(GIVEN INFORMATION)

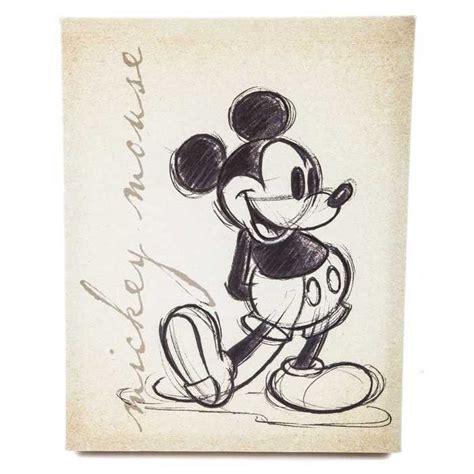 Tan Vintage Mickey Mouse Canvas Wall Art Mickey Mouse Sketch Mickey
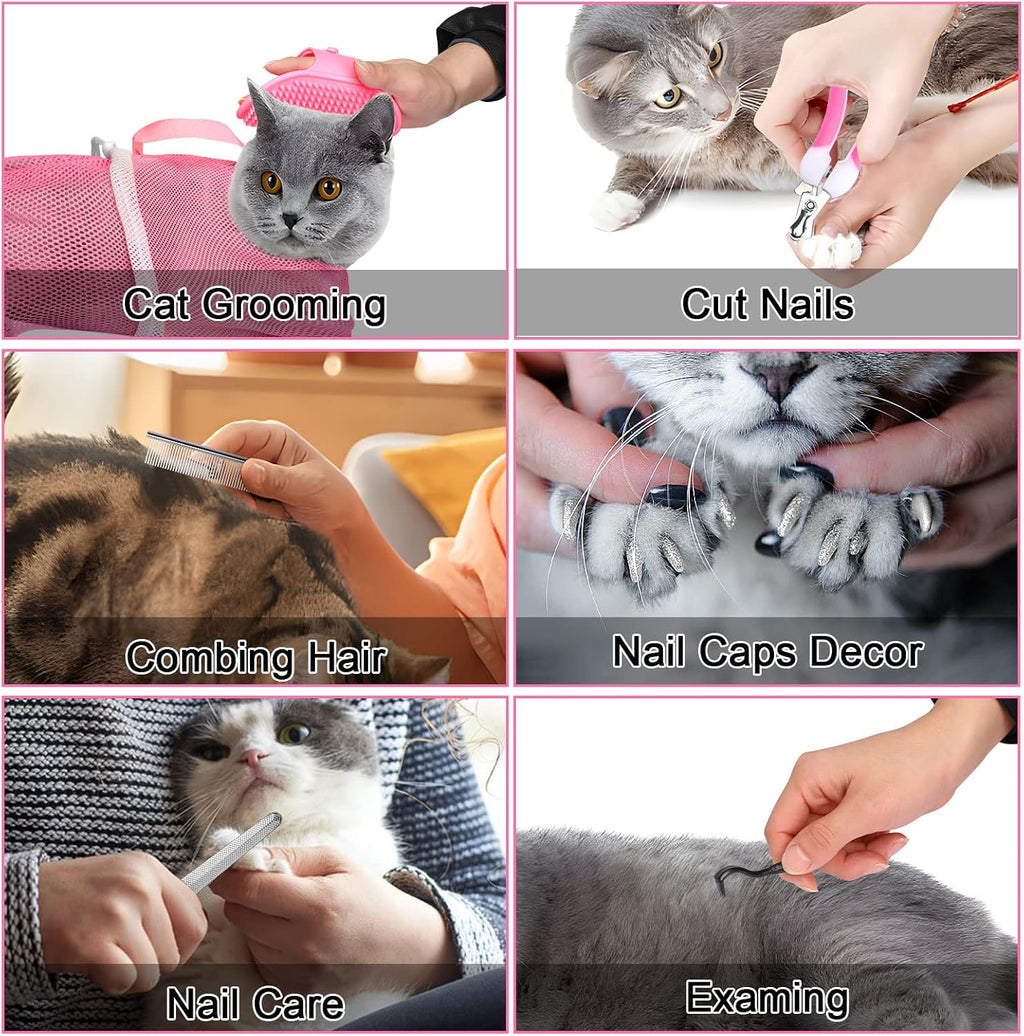 Scratch proof polyester mesh bag for safe cat claw trimming and ear cleaning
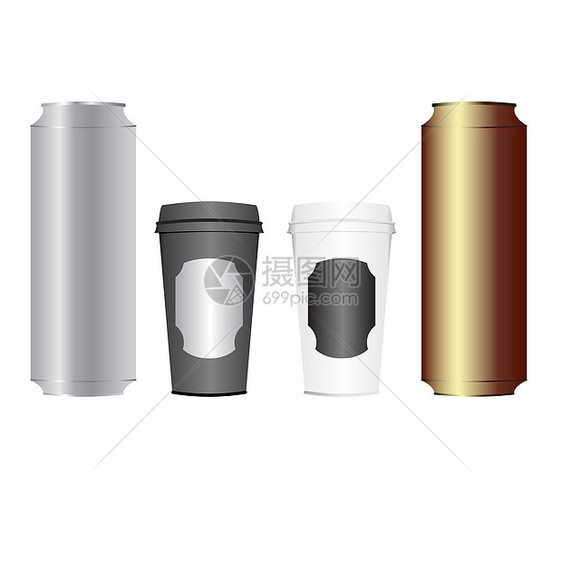 啤酒罐和咖啡杯插图金子标签棕色啤酒黄金杯子图片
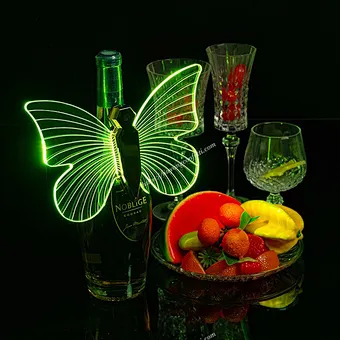 LED luminous butterfly wings champagne head flash stick wine set colorful flash stick bar night light dual use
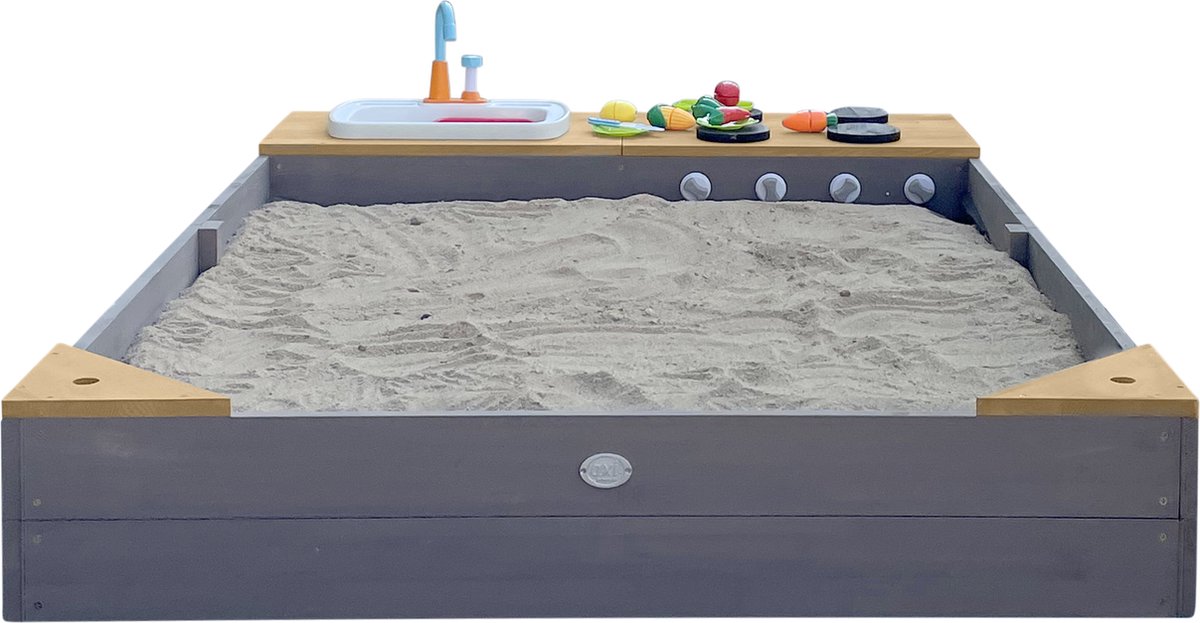 AXI Kelly Zandbak met Speelkeuken Grijs/bruin - Wastafel incl. 17-delige accessoire-set - Inclusief afdekzeil en gronddoek — afbeelding 16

(End GIVEN INFORMATION)

### PROBLEM STATEMENT
What the answer must hold: all the data above, given again exactly, without pictures.

### FINAL ANSWER
 Tan Vintage Mickey Mouse Canvas Wall Art Mickey Mouse Sketch Mickey
 Scratch proof polyester mesh bag for safe cat claw trimming and ear cleaning
 啤酒罐和咖啡杯插图金子标签棕色啤酒黄金杯子图片
 LED luminous butterfly wings champagne head flash stick wine set colorful flash stick bar night light dual use
 AXI Kelly Zandbak met Speelkeuken Grijs/bruin - Wastafel incl. 17-delige accessoire-set - Inclusief afdekzeil en gronddoek — afbeelding 16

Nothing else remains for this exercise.